_Task item_
Please write out the data below once more, exactly as it stands.

_Source information_
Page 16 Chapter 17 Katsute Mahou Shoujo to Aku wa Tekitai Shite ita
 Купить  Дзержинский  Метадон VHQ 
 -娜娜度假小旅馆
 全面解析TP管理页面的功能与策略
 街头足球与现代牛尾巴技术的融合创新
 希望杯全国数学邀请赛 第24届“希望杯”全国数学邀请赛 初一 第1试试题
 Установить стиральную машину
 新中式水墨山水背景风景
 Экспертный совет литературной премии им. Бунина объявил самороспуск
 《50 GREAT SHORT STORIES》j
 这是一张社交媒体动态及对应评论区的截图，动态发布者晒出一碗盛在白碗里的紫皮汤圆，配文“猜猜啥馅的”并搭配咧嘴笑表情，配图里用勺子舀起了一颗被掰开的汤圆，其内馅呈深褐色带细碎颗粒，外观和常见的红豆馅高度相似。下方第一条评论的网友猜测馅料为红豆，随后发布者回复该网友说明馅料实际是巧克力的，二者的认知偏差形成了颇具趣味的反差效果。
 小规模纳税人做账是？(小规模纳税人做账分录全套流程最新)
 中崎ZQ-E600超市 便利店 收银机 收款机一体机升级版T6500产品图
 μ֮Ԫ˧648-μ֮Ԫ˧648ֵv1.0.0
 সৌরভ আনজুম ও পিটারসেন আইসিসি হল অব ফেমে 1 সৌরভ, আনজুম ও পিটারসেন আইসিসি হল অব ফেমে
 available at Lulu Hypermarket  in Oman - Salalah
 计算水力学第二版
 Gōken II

_Task output_
Page 16 Chapter 17 Katsute Mahou Shoujo to Aku wa Tekitai Shite ita
 Купить  Дзержинский  Метадон VHQ 
 -娜娜度假小旅馆
 全面解析TP管理页面的功能与策略
 街头足球与现代牛尾巴技术的融合创新
 希望杯全国数学邀请赛 第24届“希望杯”全国数学邀请赛 初一 第1试试题
 Установить стиральную машину
 新中式水墨山水背景风景
 Экспертный совет литературной премии им. Бунина объявил самороспуск
 《50 GREAT SHORT STORIES》j
 这是一张社交媒体动态及对应评论区的截图，动态发布者晒出一碗盛在白碗里的紫皮汤圆，配文“猜猜啥馅的”并搭配咧嘴笑表情，配图里用勺子舀起了一颗被掰开的汤圆，其内馅呈深褐色带细碎颗粒，外观和常见的红豆馅高度相似。下方第一条评论的网友猜测馅料为红豆，随后发布者回复该网友说明馅料实际是巧克力的，二者的认知偏差形成了颇具趣味的反差效果。
 小规模纳税人做账是？(小规模纳税人做账分录全套流程最新)
 中崎ZQ-E600超市 便利店 收银机 收款机一体机升级版T6500产品图
 μ֮Ԫ˧648-μ֮Ԫ˧648ֵv1.0.0
 সৌরভ আনজুম ও পিটারসেন আইসিসি হল অব ফেমে 1 সৌরভ, আনজুম ও পিটারসেন আইসিসি হল অব ফেমে
 available at Lulu Hypermarket  in Oman - Salalah
 计算水力学第二版
 Gōken II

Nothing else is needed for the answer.